Rochester Brainery Gallery Coordinator Jason Barber continues his curation of women-centric shows this month with Brittany Williams' "Ascension." Not only is the solo show by a young woman artist, but it exclusively features gorgeous portraits of young black women.
The show's title refers to Williams' rising star in the art world, but also alludes to the inspiring, optimistic tone in each of the portraits.
Williams, who is 27, was featured in CITY's 2014 Emerging Artists cover story, and was selected to be a muralist for WALL\THERAPY's 2015 summer festival, for which she created her first-ever mural at 488 Joseph Avenue (this work, "Blooming Mind," is represented in "Ascension" with a photograph and the concept sketch). She was part of a small group that traveled to Berlin in 2016 with WALL\THERAPY's artist exchange, where she created another mural and took part in a group art show.
She has since put up more murals around Rochester with the Roc Paint Division crew, a City of Rochester program through the Department of Recreation and Youth Services that employs Rochester youth to beautify different neighborhoods.
"Ascension" includes 11 acrylic portraits and several sketches for some of the finished pieces, which showcase Williams' deft draftsmanship. It's always fascinating to get a peek into the preparatory process of any artist, but I'm not overstating it when I say Williams' drawings are stand-alone works of art in their own right.
Each of the paintings and sketches feature the head and sometimes shoulders of a black woman, with an emphasis on warm, radiant melanin over sculpture-worthy bone structures and the weightless architecture of hair flowing and floating free or artfully bound into tight braids and twists.
While many of the portraits are straightforward, simply gorgeous renderings of beautiful women, there's an inescapable hint of the political in Williams' focus on black hair — if only because in 2017 black people are still challenged in the classroom, workplace, and on the red carpet for proudly showing off natural hair or for wearing styles that, when sported by white people, are considered to be hot trends.
Williams' focus on manes, curls, braids, and locs is ongoing — her 2014 show, "Hair Don't Lie," combined two of her interests, hair and basketball, in a series of portraits on NBA players' hair.
In two untitled paintings, Williams' subjects turn entirely away from the viewer, their braided and twisted hair becoming 100 percent the focus, and their solar skin is switched out for cool, shadowy steel tones set off by the acidic neon backgrounds. In each of these pieces, Williams has built up detailed studies from dark silhouettes with layer upon layer of increasingly light, fine brushstrokes. And the delicate contours of each painting are set in perfect contrast to the flat backgrounds and a simple golden hoop in each ear.
Aside from these two works, Williams' subjects more or less face the viewer or stare off to the side into some dreamy, private middle ground, each holding a contemplative, at-ease, powerful gaze. She underscores this point by titling her work accordingly with names like "Gaze" and "Solitude."

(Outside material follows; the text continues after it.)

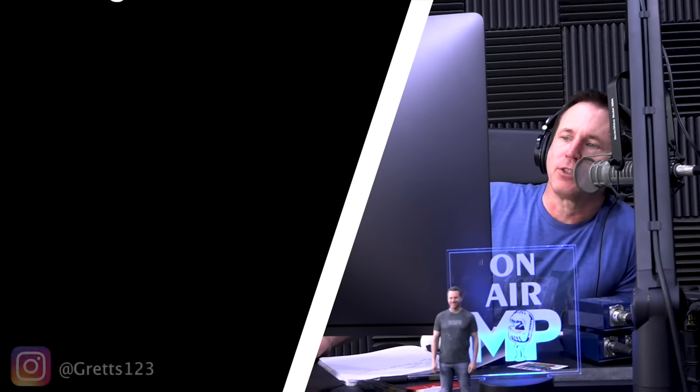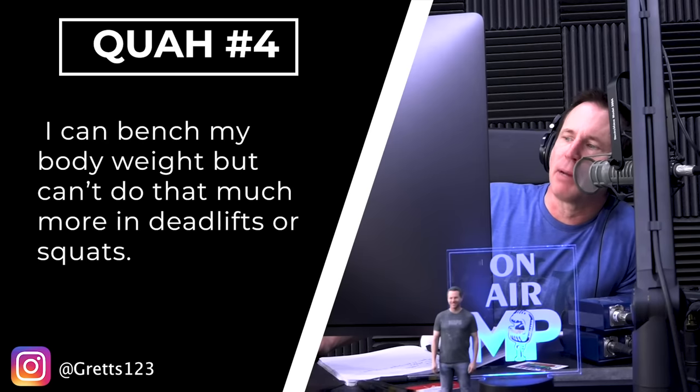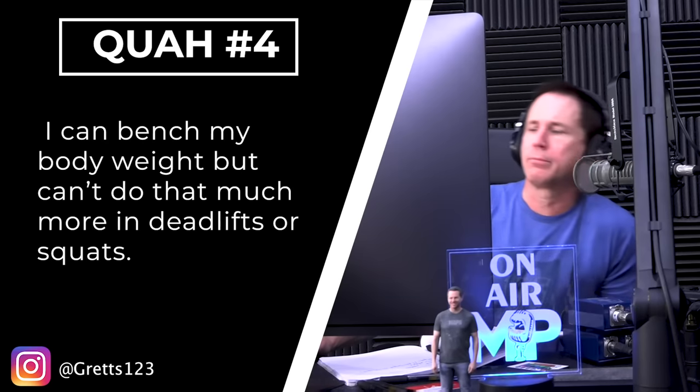The next question is from Gretz123: Is there an ideal ratio of strength you should have between your bench, deadlifts, and squats? I can bench my body weight, but I can't do that much more in deadlifts or squats. So normally what you'll find is that you can bench a certain amount of weight, you could squat more than that, and you could deadlift more than that. Typically your bench is the lowest, then squat, then deadlift — for most people.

Many of the women are adorned stylishly with playful, retro squiggle patterns, or with two of Williams' favorite symbols: flowers and Monarch butterflies. Floral details adorn or conceal, as in "Behind the Bliss," in which a pair of doe eyes assess and dazzle the viewer from behind a burst of white roses and critically arched brows.
Monarchs cover the mouth of one young woman in the yellow version of Williams' "The Butterfly Effect" series, perhaps alluding to the powerful impact, for better or worse, of our words in this world. In the blue version, the bugs obscure the eyes of the subject, cramped beneath her glasses and turning her lenses into stained-glass windows. And in the red version, the butterflies emerge from beneath the subject's shirt, as if emerging from her heart, and she turns her face to consider one that's already taken wing off to the side.
Williams' inclusion of blossoms and butterflies as symbols of growth and transformation are reminiscent of her past works — where these details literally pour from the open heads of subjects or from behind their mask-like faces — but these fresh takes have a more polished impact. These new paintings are portraits of quiet, contemplative grace; youths with an underlying potency on the precipice of self-actualization.
A closing reception for "Ascension" will take place on Friday, July 7, from 6 to 8 p.m. You can find more of Williams' art at bdubart.tumblr.com.